Ketaatan menjadi respons syukur atas kasih Allah, bukan usaha untuk membeli keselamatan.

Kasih Karunia Mengubah Kehidupan

Kasih karunia tidak hanya berbicara mengenai keselamatan.

Pdt. Sukirno menjelaskan bahwa kasih karunia juga mencakup:

  • Keselamatan yang diberikan melalui iman kepada Kristus.
  • Pengampunan atas dosa-dosa manusia.
  • Kekuatan untuk menjalani kehidupan sesuai kehendak Tuhan.
  • Kesempatan dipakai Allah dalam pelayanan.

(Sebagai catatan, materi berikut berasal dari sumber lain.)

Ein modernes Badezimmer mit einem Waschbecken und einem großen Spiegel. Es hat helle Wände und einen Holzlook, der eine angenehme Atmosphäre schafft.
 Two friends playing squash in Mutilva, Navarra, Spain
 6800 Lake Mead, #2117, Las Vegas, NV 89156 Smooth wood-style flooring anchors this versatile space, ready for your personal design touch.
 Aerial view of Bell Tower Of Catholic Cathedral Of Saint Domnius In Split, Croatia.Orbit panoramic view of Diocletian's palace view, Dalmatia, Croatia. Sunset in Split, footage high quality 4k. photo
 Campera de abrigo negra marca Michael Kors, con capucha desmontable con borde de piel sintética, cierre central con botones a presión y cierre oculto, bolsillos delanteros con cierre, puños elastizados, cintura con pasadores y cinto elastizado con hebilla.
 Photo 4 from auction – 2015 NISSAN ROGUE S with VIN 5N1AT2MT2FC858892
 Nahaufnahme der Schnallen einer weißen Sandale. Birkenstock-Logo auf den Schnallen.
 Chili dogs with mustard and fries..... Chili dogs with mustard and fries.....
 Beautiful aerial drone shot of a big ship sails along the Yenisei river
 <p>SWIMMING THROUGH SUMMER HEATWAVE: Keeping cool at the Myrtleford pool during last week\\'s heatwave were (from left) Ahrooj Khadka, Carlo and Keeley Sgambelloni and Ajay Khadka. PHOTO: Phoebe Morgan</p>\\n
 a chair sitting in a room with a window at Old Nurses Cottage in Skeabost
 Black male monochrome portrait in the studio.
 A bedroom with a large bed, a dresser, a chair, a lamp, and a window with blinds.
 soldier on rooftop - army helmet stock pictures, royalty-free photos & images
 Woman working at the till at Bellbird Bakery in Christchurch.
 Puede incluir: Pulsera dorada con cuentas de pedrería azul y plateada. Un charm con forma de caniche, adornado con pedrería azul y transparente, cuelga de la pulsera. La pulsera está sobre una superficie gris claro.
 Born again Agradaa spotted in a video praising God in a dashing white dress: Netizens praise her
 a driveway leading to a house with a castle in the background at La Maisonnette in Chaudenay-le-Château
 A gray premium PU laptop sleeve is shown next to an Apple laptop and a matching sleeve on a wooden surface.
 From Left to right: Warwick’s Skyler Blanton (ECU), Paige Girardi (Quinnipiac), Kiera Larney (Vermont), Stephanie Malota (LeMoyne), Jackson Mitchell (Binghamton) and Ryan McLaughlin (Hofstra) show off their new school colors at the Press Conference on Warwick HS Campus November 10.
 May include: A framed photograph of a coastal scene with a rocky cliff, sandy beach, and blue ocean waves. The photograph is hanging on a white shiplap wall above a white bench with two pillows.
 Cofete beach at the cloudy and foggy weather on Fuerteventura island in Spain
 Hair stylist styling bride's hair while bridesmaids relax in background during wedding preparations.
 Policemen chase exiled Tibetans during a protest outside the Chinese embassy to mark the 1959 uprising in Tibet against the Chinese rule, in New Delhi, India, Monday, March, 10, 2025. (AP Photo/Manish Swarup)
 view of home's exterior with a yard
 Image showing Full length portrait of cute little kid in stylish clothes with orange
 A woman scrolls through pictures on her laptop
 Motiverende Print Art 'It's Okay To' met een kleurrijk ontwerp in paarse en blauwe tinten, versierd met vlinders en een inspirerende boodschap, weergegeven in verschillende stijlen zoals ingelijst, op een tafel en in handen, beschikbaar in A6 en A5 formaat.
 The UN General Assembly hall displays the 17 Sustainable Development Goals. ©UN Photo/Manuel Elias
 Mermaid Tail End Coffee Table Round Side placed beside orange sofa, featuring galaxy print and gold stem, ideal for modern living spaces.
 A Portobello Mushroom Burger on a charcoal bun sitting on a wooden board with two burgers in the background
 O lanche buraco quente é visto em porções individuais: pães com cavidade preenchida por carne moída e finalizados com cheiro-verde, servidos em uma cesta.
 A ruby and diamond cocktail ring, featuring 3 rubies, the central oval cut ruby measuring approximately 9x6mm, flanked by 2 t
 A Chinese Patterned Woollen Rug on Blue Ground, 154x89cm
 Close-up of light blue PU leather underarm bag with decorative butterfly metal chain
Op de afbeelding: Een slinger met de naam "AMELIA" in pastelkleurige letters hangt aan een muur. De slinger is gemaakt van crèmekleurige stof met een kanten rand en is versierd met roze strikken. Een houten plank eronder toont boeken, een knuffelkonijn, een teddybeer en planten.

Kasih karunia menjadi sumber kehidupan baru yang menghasilkan perubahan nyata dalam karakter, perkataan, tindakan, dan cara hidup orang percaya.

Perdebatan mengenai hukum Taurat dan kasih karunia telah berlangsung selama berabad-abad. Namun Alkitab menunjukkan bahwa keduanya bukanlah musuh.

Hukum Taurat memperlihatkan kebutuhan manusia akan keselamatan, sedangkan kasih karunia menghadirkan jalan keselamatan melalui Yesus Kristus.

Karena itu, orang Kristen dipanggil untuk hidup dalam ketaatan kepada firman Tuhan, bukan karena takut kehilangan keselamatan, melainkan sebagai ungkapan syukur atas kasih karunia yang telah diterima.

Seperti yang disampaikan Pdt. Sukirno, dalam penutup pembahasannya, membaca Alkitab tidak cukup hanya di permukaan. Setiap orang percaya perlu meminta pimpinan Roh Kudus agar dapat memahami firman Tuhan dengan benar dan menjalani kehidupan yang berkenan di hadapan-Nya.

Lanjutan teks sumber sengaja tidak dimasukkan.